The case of Sony Corp. versus Universal Studios, which established the fair use doctrine, “is pretty much intact in, perhaps, a way limited by the facts,” Oman said. “Three of the justices said the Sony decision is irrelevant in this case and three said [Grokster] had met the Sony criteria and by specific acts had violated those criteria of the Sony decision.”
The court found that Grokster wasnt “merely selling a device that could be used for infringing activity. It was a device or software that was designed to encourage the illegal activity,” Oman said.
In that case, Grokster couldnt claim that its file-swapping service represented fair use as was deemed legal in the Sony vs.
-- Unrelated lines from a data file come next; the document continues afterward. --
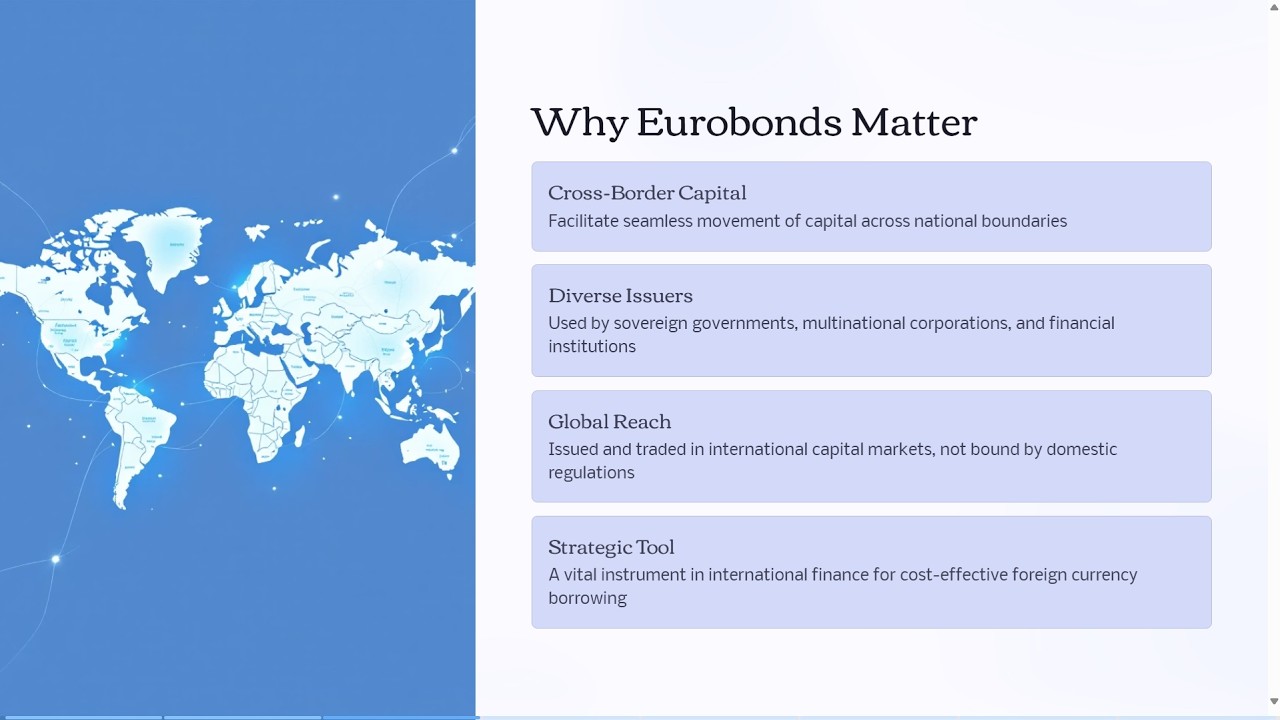 Meaning & types of eurobonds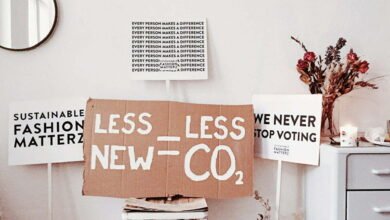 3 Reasons Why You Should Choose Sustainable Fashion in 2022 1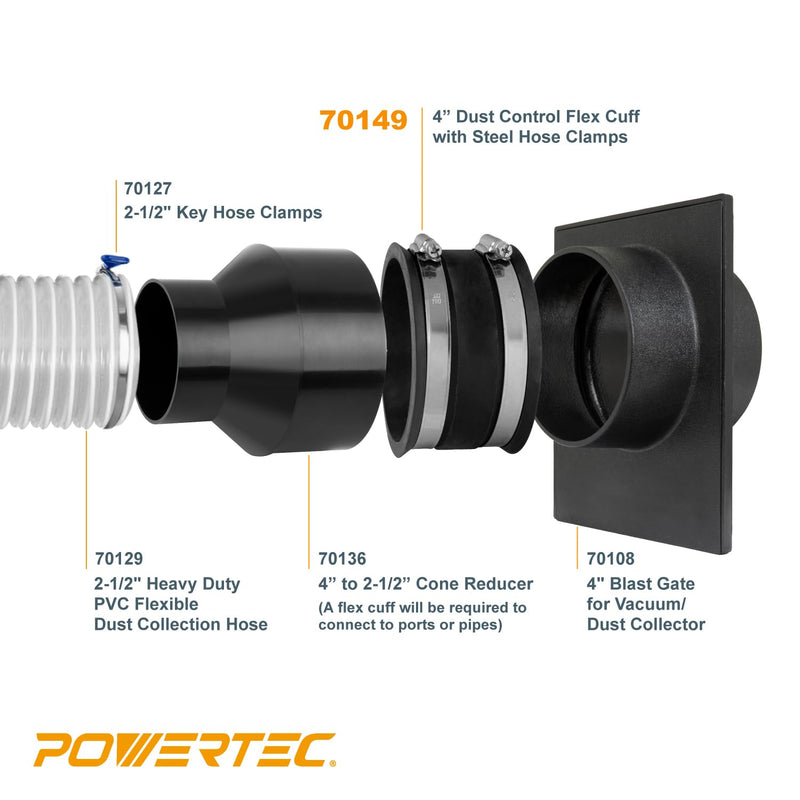 POWERTEC 70322 4 Inch to 2-1/2 Inch Reducer and 4 Inch Dust Control Flex Cuff with Stainless Steel Hose Clamps, Dust Collection Fitting for Woodworking Dust Collection Hose and Dust Ports, 1 Set 4" to 2-1/2" Reducer & 4" Cuff, 1 Set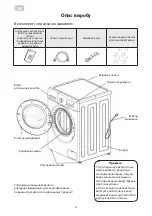 Preview for 6 page of ARDESTO WMS-6118 User Manual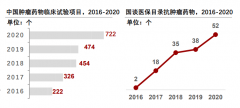 18A政策近4年后中国生物医药创新面临一个怎样的未来？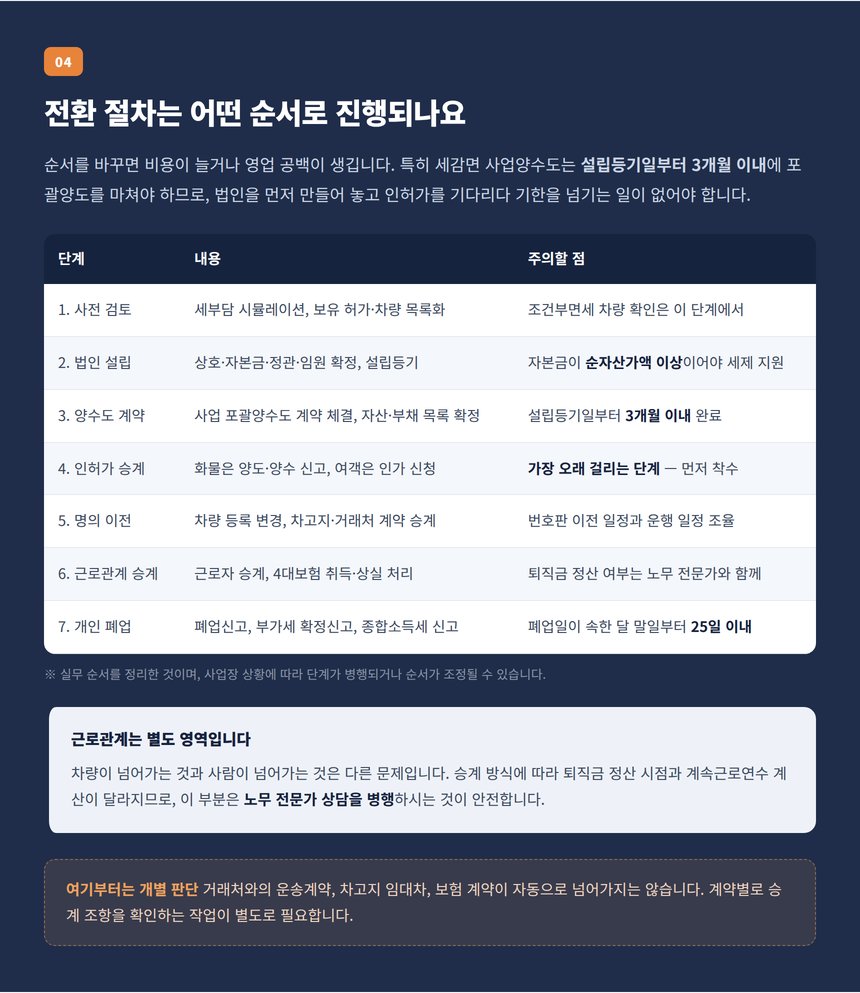 전환 절차는 어떤 순서로 진행되나요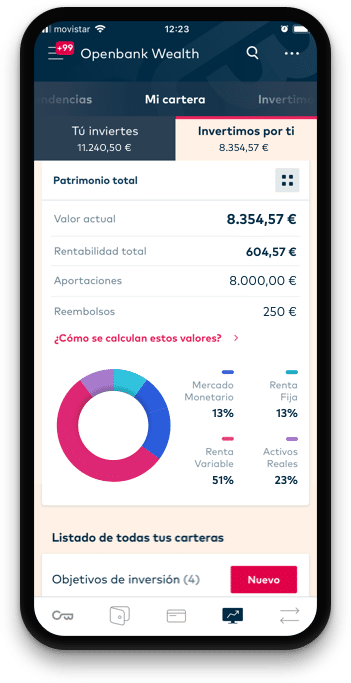 openbank wealth registró un gran incremento de activos en 2020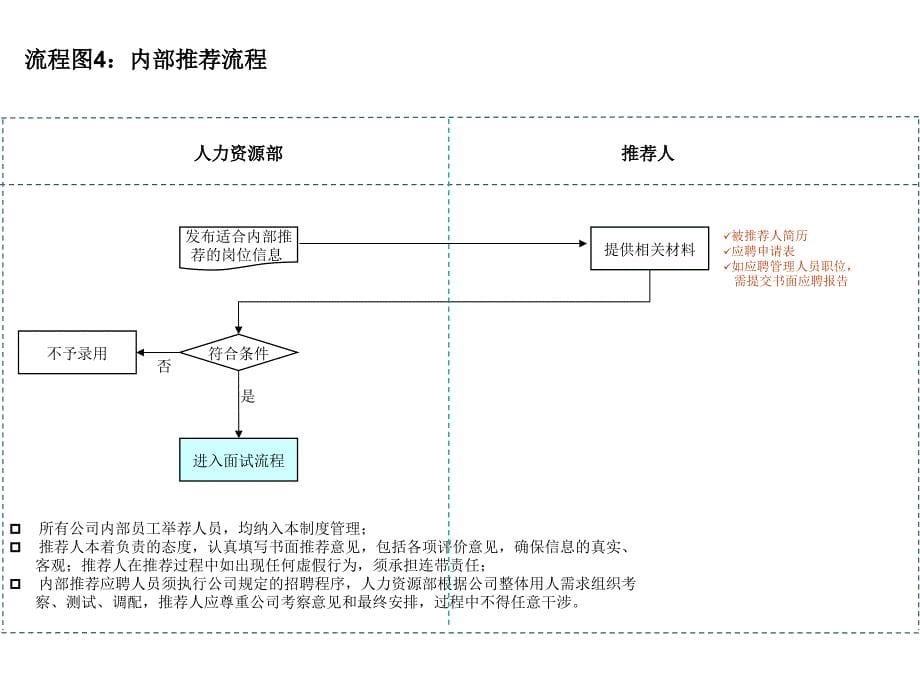 14个非常实用的招聘流程图_第5页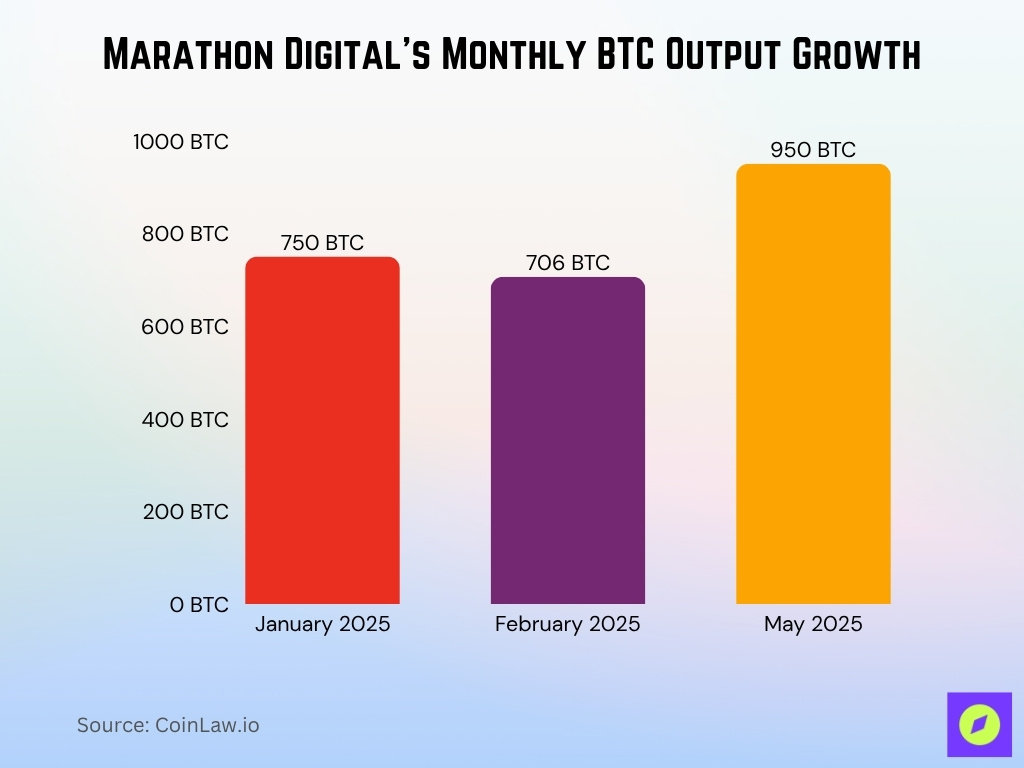 Marathon Digital’s Monthly BTC Output Growth Marathon Digital’s Monthly BTC Output Growth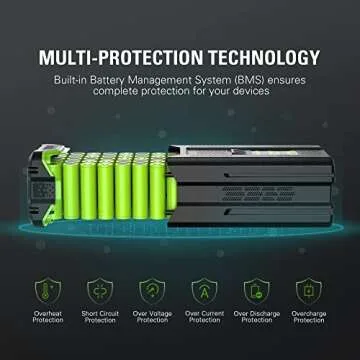 Greenworks PRO 80V 4.0Ah Lithium-Ion Battery ((Genuine Greenworks Battery / 75+ Compatible Tools)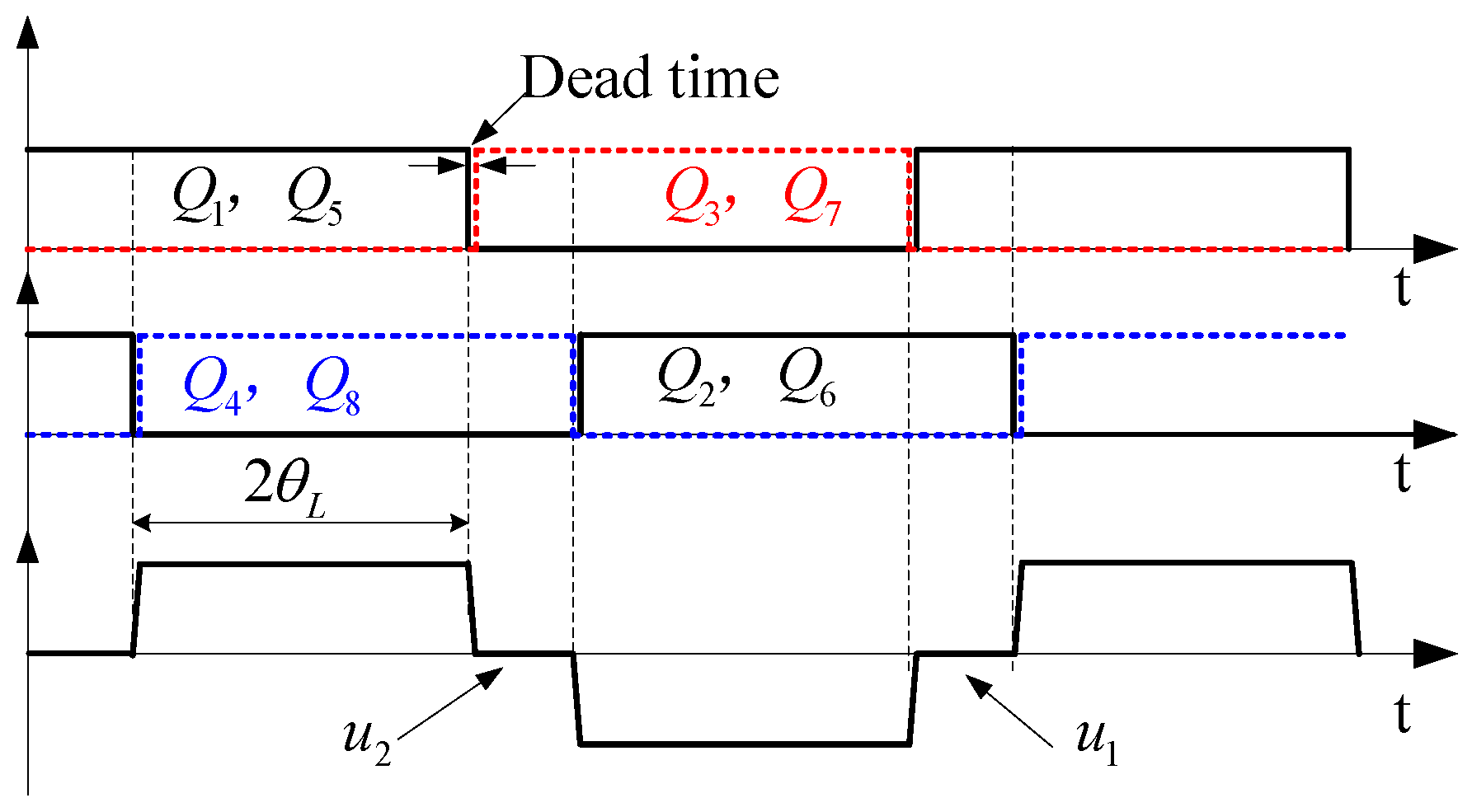 Energies 10 00174 g005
Universal decision.
Oman was one of a group of attorneys and law professors that filed a “friend of the court” brief with the Supreme Court, arguing the view that “Grokster is trading on the illegal activity of its subscribers,” he said.
Companies like Grokster aim to “induce the infringing activity of their customers, and they benefit from that inducement in terms of being able to sell advertising to increase the number of people who are viewing their site,” Oman said.
Groksters business plan “requires acts of infringement on a large percentage scale,” and that use is “not shielded by the laws limiting liability in the Sony case,” he said.
The key difference between the two cases is that the video players and recorders in the Sony case were analog devices. Owners couldnt easily use their recorders to produce hundreds or thousands of movie videos for their friends or for anyone willing to pay for them.